“If you don’t want to plan a big wedding, then you’re not ready to get married.”

posted 7 years ago in Emotional
Post # 3
Member
521 posts
Busy bee
  • Wedding: May 2012 - Salvage One, Chicago

I think the simplest answer is: you can’t generalize.

Post # 4
Member
1766 posts
Buzzing bee
  • Wedding: April 2011

This is nonsense.  Ask him to show you the statistical data that backs up his claims.

From my personal experience: I HATED wedding planning. But both Darling Husband and I love being married. We haven’t had an argument since the wedding planning is over.

Post # 5
Member
2065 posts
Buzzing bee
  • Wedding: December 2011

While I can sort of understand why they would see a link between the two, at the same time that person has to realize that everyone has different circumstances.

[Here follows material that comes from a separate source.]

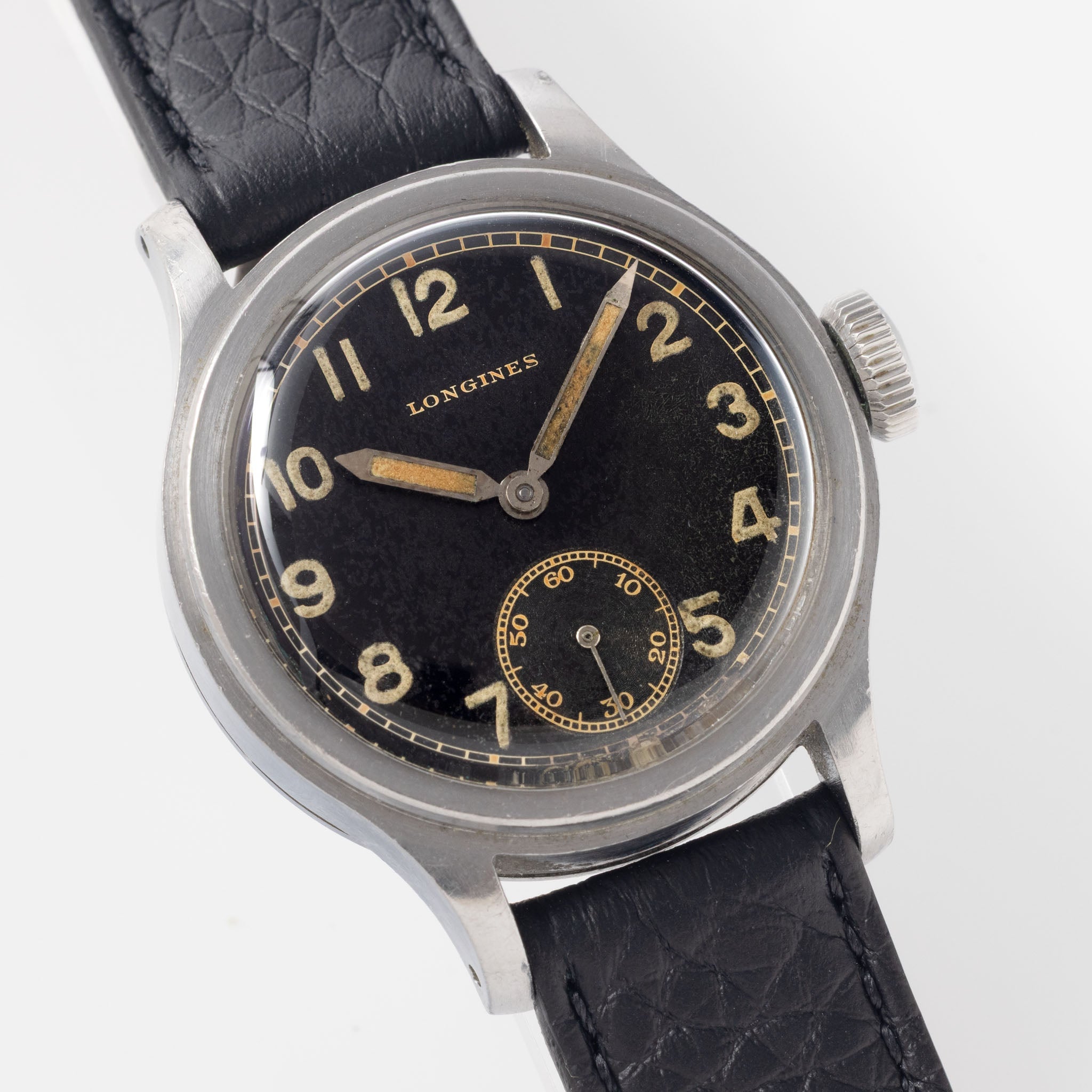 Longines Sei Tache Gilt Dial ref. 5130 with Extract of the Archives “German Army”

If Fiance and I had headed down to the courthouse the week after we got engaged, I don’t think we’d be any less prepared for marriage than we are less than a month away from our “big” wedding. All of the things that the last comment pointed out, we’ve dealt with before wedding planning. We’ve lived together for awhile, so there’s financial balancing. His father lived with us for 6 months, so if that doesn’t count for dealing with in-laws I don’t know what does. Most of our bridesmaids/groomsmen are already married (we’re late bloomers apparently), so we’ve been able to experience how relationships change after marriage.

Yes, wedding planning HAS brought us closer together, but I don’t think a girl not wanting to dive head first into the circus that is wedding planning means she isn’t ready to get married. I fully agree that the wedding doesn’t equal the marriage.

Post # 6
Member
1729 posts
Bumble bee
  • Wedding: December 2012

to all this i will say what my Fiance said to me when we have issues with wedding planning… ” I dont want a wedding.. I want to marry you, a wedding is a way to have that happen with our friends and family involved..but I would elope just as quick as long as I get to be your husband”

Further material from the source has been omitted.